Il regista cinese Lou Ye, nome non nuovo ai frequentatori del Festival, inaugura la sezione Un Certain Regard di questa 65a edizione con un’opera dalle tinte decisamente gialle, dotata di suspense e bagnatissima che ruota intorno ad una manciata di personaggi: tre donne ed un uomo, per l’esattezza. Non ci vuole molto per comprendere che Lui sarà il fulcro intorno al quale ruoteranno le vite delle tre malcapitate, ma il motivo e le modalità riescono a stupirci.

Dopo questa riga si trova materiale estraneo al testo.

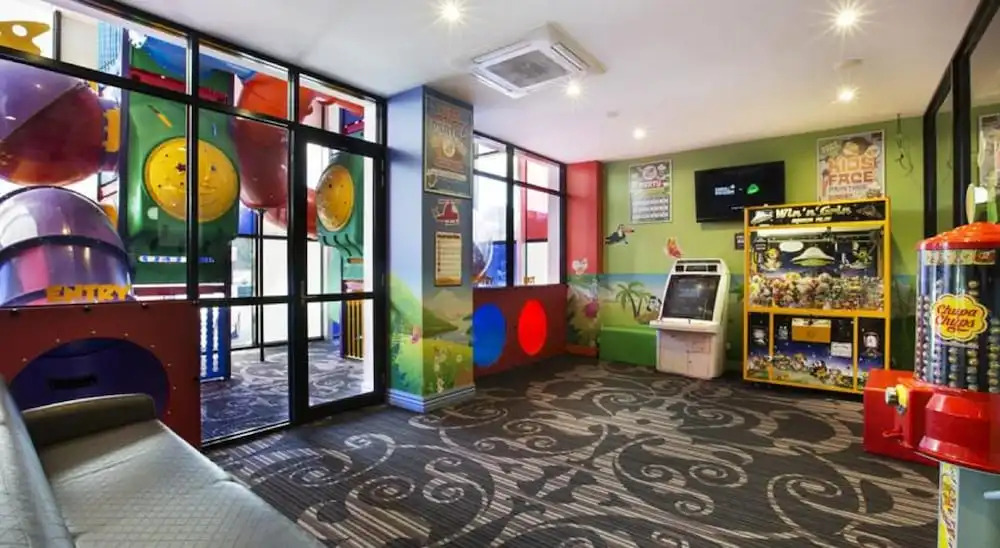Skyways Hotel Airport West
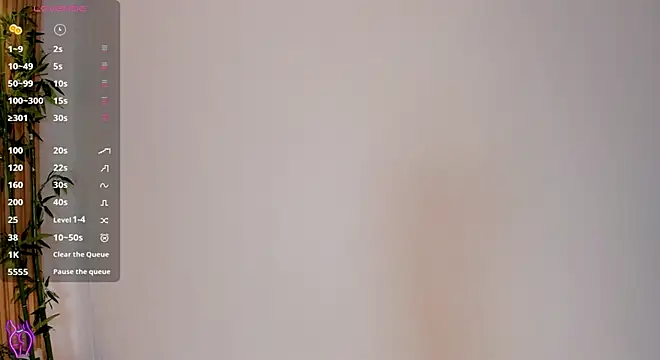 TiffanyHoustton online show from 04-10-26, 12:23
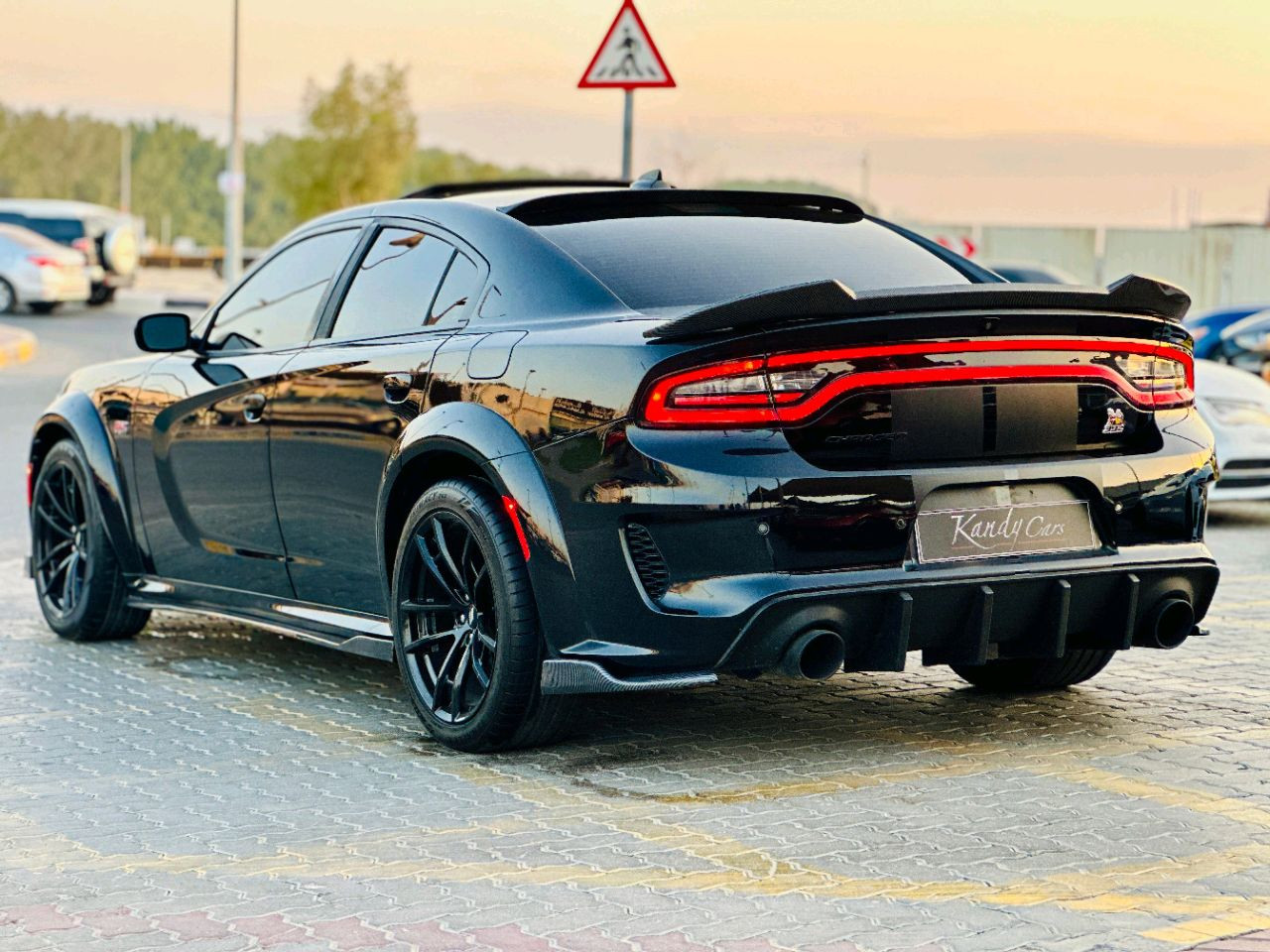 Dodge Charger - Image 6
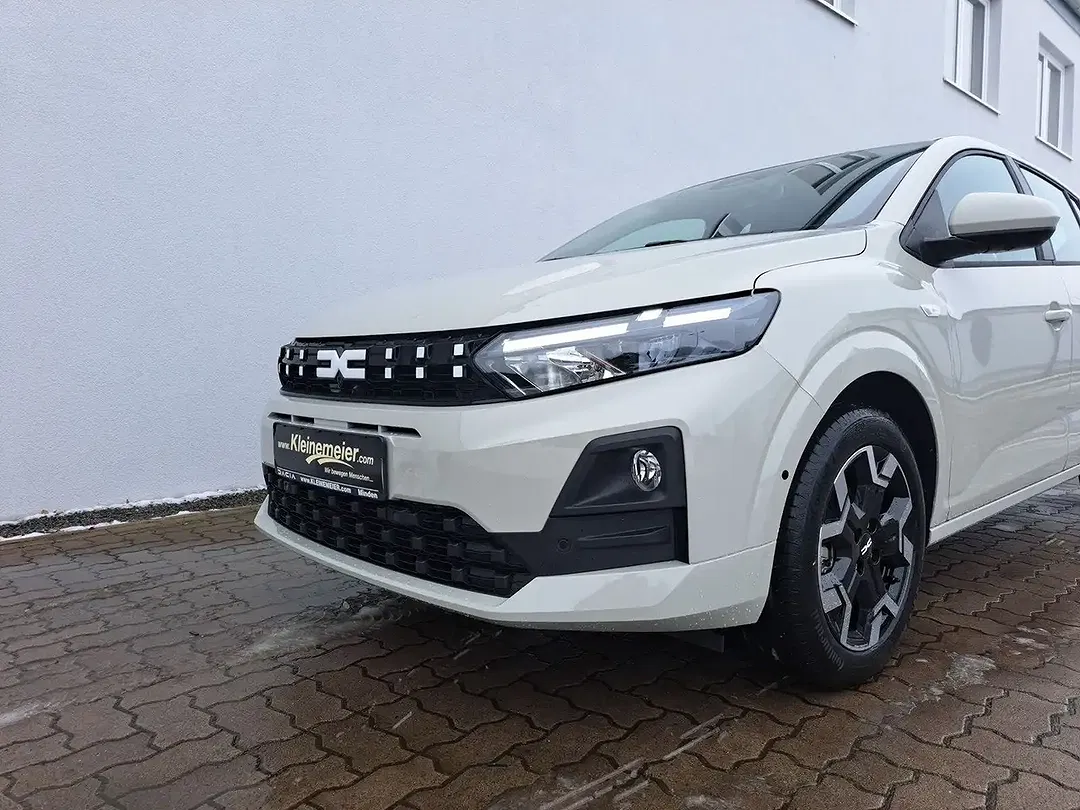 Dacia Sandero - Thumbnail 4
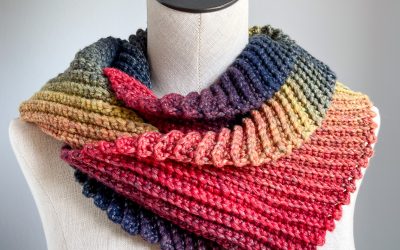 Free Crochet Infinity Scarf Pattern | Fiesta Scarf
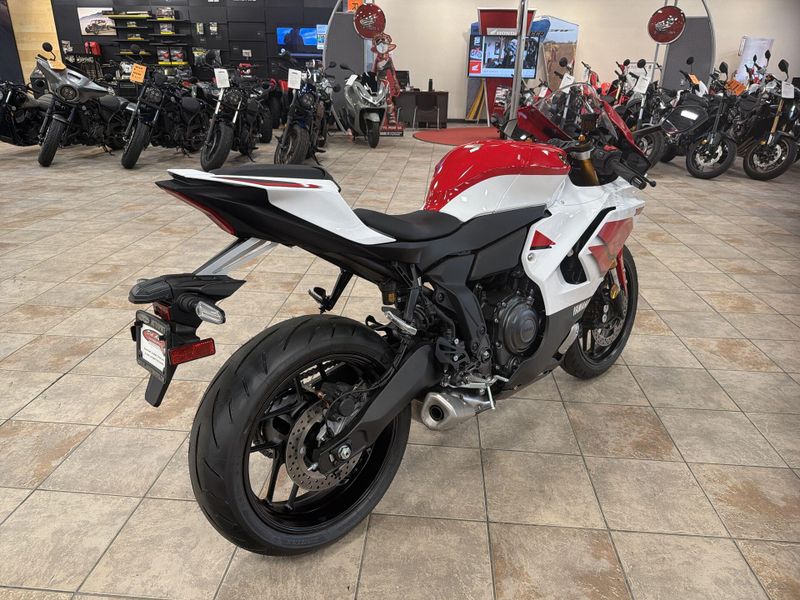 New 2026 Yamaha YZF-R7 70TH ANNIVERSARY EDITION Image 18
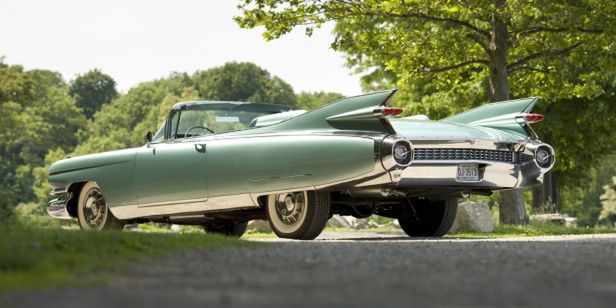 1959 Cadillac Eldorado Barritz (fot. vintagecars.com)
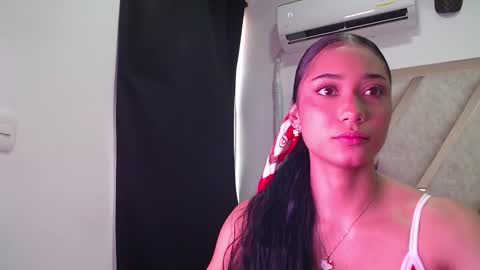 hornygirl_20000 online show from November 2025 08:51:01 PM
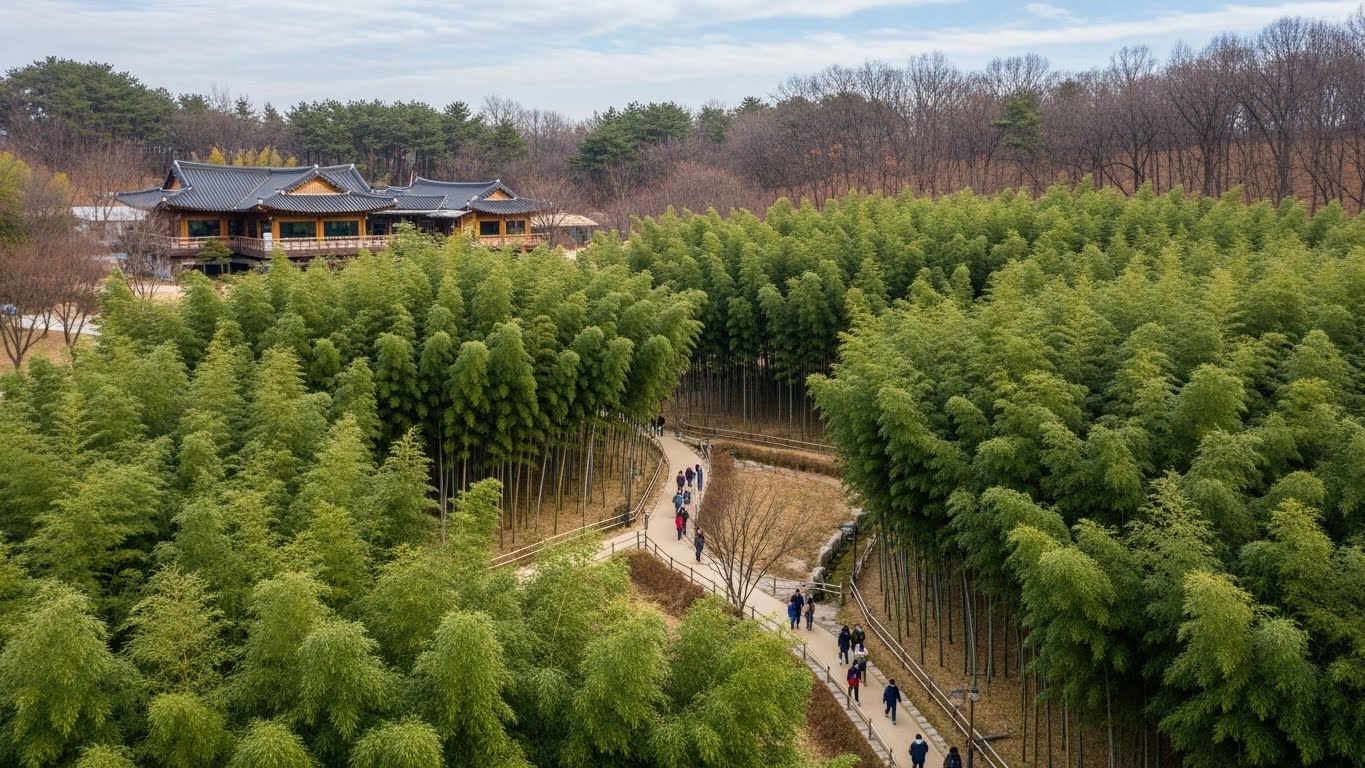 담양 죽녹원의 푸른 대나무 숲길과 그 사이를 여유롭게 걷는 사람들, 주변에는 떡갈비 식당이 보이는 전경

Il film è imperfetto, inutile dire il contrario, ma è stato talmente demolito durante le proiezioni diurne che al nostro turno ci attendiamo solo il peggio, cosa che favorisce invece l’inaspettata godibilità delle due ore in sala. La nostra difficoltà maggiore è stata piuttosto distinguere durante i primi minuti i volti, dato che è noto come il tratto somatico orientale risulti confondibile ai nostri poco abituati occhi, ancora peggio se gli attori recitano spesso e volentieri sotto una pioggia scrosciante e nella loro lingua madre, allora l’impresa richiederà tutta la nostra concentrazione!

Barriere linguistiche a parte, questa è la storia di un uomo molto egoista (ed un poco stronzo) che non si nega nulla al punto da condurre non una, né due ma addirittura tre vite parallele, non crucciandosi troppo delle eventuali conseguenze che, peraltro, non si faranno attendere e saranno terrificanti soprattutto per gli altri. Il nostro uomo infatti sembra non avere una coscienza, ha solo una gran perseveranza nel perseguire il proprio benessere, il che lo porta ad agire senza mai porsi domande etico-morali e ciò comporta dei bei ribaltoni nella narrazione proprio dopo situazione c.d. prevedibili, e questo è un punto a favore del bistrattato film.

 

Una nota di merito va pure alla drammaticità mista a follia che si vede negli occhi delle due protagoniste che ci colpiscono per l’intensità e la credibilità, mentre lui è da sberloni a più riprese il che, di nuovo, denota delle abilità che non vogliamo riconoscere. La perdente, che è come si suol dire una vera “cornuta e mazziata”, poi è davvero perfetta, ma anche questo sembra non debba dirlo posti i tanti difetti della pellicola che spazzerebbero via gli eventuali pregi.

Il fatto che da esule il regista abbia vissuto negli Stati Uniti e non abbia sfruttato la sua permanenza per apprendere quelle tecniche che l’avrebbero reso un nuovo John Woo è forse ciò che desta maggiore stupore. Curioso invece scoprire come le situazioni di bigamia in Cina siano all’ordine del giorno quale paliattivo di esistenze insoddisfacenti. Troviamo invece normale conseguenza della globalizzazione il fatto che i nuovi ricchi tengano comportamenti strafottenti e credano si possa comprare tutto, impunità compresa: ciò non ha davvero più una cittadinanza precisa.

L’imperdonabile errore mi è parso di comprendere sia stato quello di proporre una pellicola noir, che mescolasse dramma e thrilling, tentando di confezionarla a mò di film impegnato più che fracassone imitando una filmografia non appartenente alla tradizione del suo paese d’origine (o di esilio). Col risultato che una buona idea, supportata da attori di teatro dalla grande presenza scenica, sia rimasta nel limbo frenata da un ritmo talvolta claudicante.